It is, I think, suggestive of something that so much “climate action” depends on spending, directly or indirectly, other people’s money without the degree of consent and/or democratic approval that ought to be expected given the sums involved (something, incidentally, that also holds true for the expensive burden that will be heaped on companies and individuals as a result of climate-related regulatory action). This also applies in many areas of finance, not least in the way that investor funds, retirement savings, and monies earmarked for pensions are increasingly being deployed.
And so, via News 10 ABC (WTEN), here’s one example of how that works:
The New York State Common Retirement Fund will invest $2 billion into the Climate Transition Index (CTI) focused on reducing the risks of climate change, announced State Comptroller Thomas P. DiNapoli. This is part of the Comptroller’s Climate Action Plan and his goal for of net-zero greenhouse gas emissions by 2040.
“The New York State Common Retirement Fund has been recognized for leading the way with its comprehensive approach to addressing the enormous challenges posed by climate change, as well as investing in the tremendous opportunities created by global efforts to address this crisis,” said DiNapoli.
He’s not wrong, you know. Just the other day Xi Jinping was telling me how impressed he’d been by the lead taken by the New York State Common Retirement Fund (this is not the first time it has been active in this area) to combat climate change. “It is a tremendous example,” he acknowledged: It would lead him to change China’s ways.
Fact check: dubious.
The fund will allocate $2 billion within its internally managed public equity portfolio to FTSE Russell’s Russell 1000 TPI Climate Transition Index in connection with the Fund’s Sustainable Investment & Climate Solutions program.
“By using the Climate Transition Index, the fund will have an investment tool that incorporates a robust data-driven approach to invest in corporations that are ensuring their businesses are ready for the low-carbon transition and stand to perform well in the years ahead,” said DiNapoli.
It may also be buying into a green bubble by buying into this index at this point.
The rapid pace of growth in green investing raises the prospect of a bubble that could burst further down the road, according to the Bank for International Settlements.
Price-to-earnings valuations for clean energy companies are high and more analysis is needed to understand how green investing is playing out in the credit market, the Basel-based institution said in its quarterly report published on Monday.
History indicates that assets related to fundamental economic and social change may experience a significant price correction after an initial surge of interest, according to the BIS analysis, which took as its example 19th-century railroad stocks and the dot.com bubble…

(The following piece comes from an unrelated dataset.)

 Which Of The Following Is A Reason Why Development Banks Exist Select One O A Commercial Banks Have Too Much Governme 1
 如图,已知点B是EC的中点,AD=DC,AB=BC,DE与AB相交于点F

To be sure, opinions can differ on the wisdom of a particular investment. Where there should be no disagreement is that the purpose of investing this type of money should be to generate maximum risk-adjusted financial return for those whose money it is, or those who money it will be, and, in the case of public pension funds, with the financial interest of the taxpayers who are often underwriting all or part of the pension liability firmly in mind. The one exception ought to be where those whose own monies (whether actual or potential) is on the line choose to sacrifice some return for other ends.
As for (financial) climate risk, it’s worth taking a look at this piece by John Cochrane for Capital Matters, and for more on games with pensions, check out Richard Morrison, also writing in Capital Matters, just today:
Economic policy is changing fast in Washington, and your retirement account may soon experience the whiplash. One of the best policies enacted by the previous administration was a rule that made it clear to the people who manage pension funds that, when selecting investments, they need to prioritize returns for beneficiaries instead of pursuing their own political agendas. Unfortunately, Joe Biden’s Department of Labor is currently in the middle of repealing that rule. This effort, while obscure to the average American, is part of a much larger effort to redefine the world of saving and investing to permanently serve progressive policy goals. That should alarm not just conservatives, but anyone who wants to be able to enjoy a comfortable retirement someday.